Ignoring every picture, return the lines of the listing below word for word, from the line that holds "VOLVO V40 usata, con" through the line that holds "310 N Philadelphia".

_Data listing_
=== Section Start ===

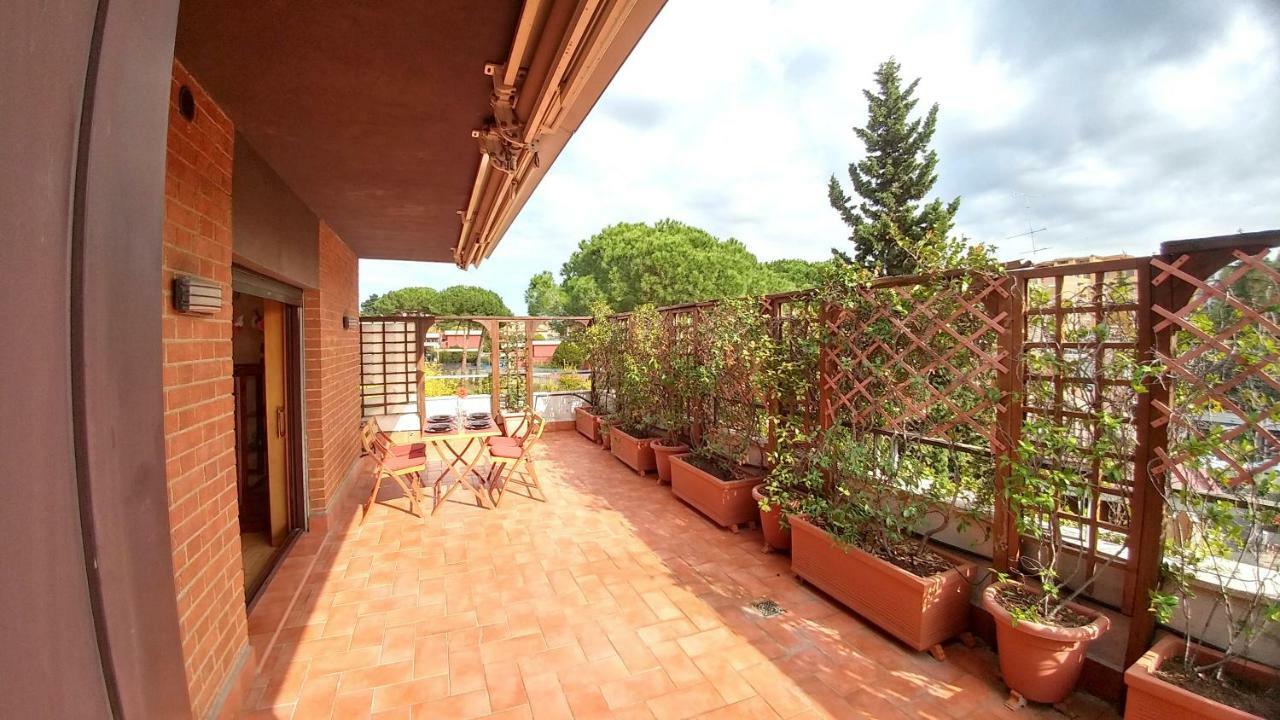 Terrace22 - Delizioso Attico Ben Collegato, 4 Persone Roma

=== Section End ===
=== Section Start ===

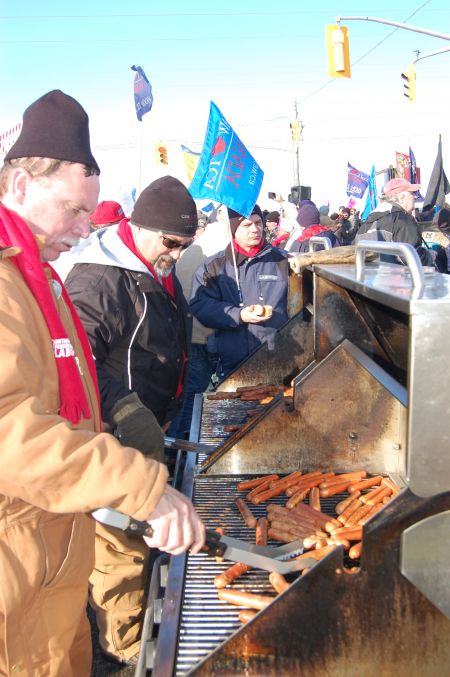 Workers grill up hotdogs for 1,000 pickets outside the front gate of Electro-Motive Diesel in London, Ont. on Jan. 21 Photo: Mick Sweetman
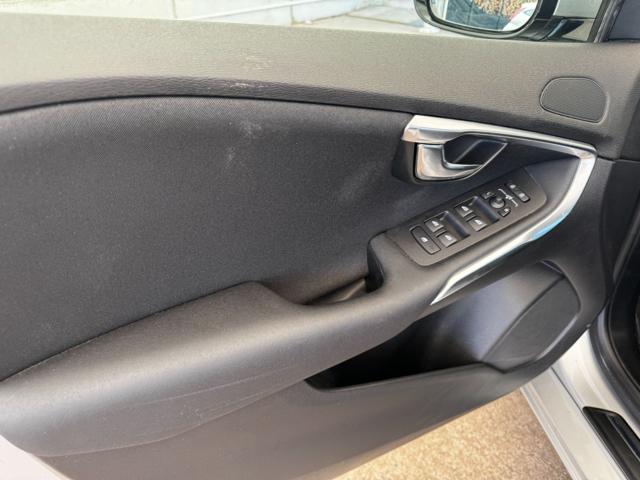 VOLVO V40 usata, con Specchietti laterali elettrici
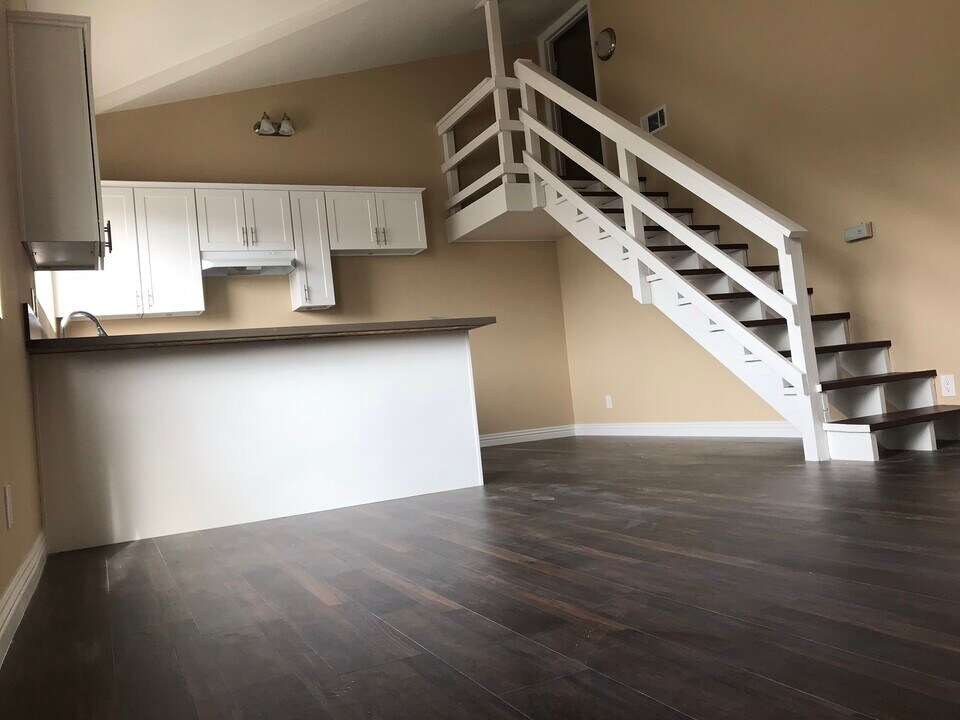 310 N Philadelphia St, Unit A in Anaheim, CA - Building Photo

=== Section End ===

_Answer section_
 VOLVO V40 usata, con Specchietti laterali elettrici
 310 N Philadelphia St, Unit A in Anaheim, CA - Building Photo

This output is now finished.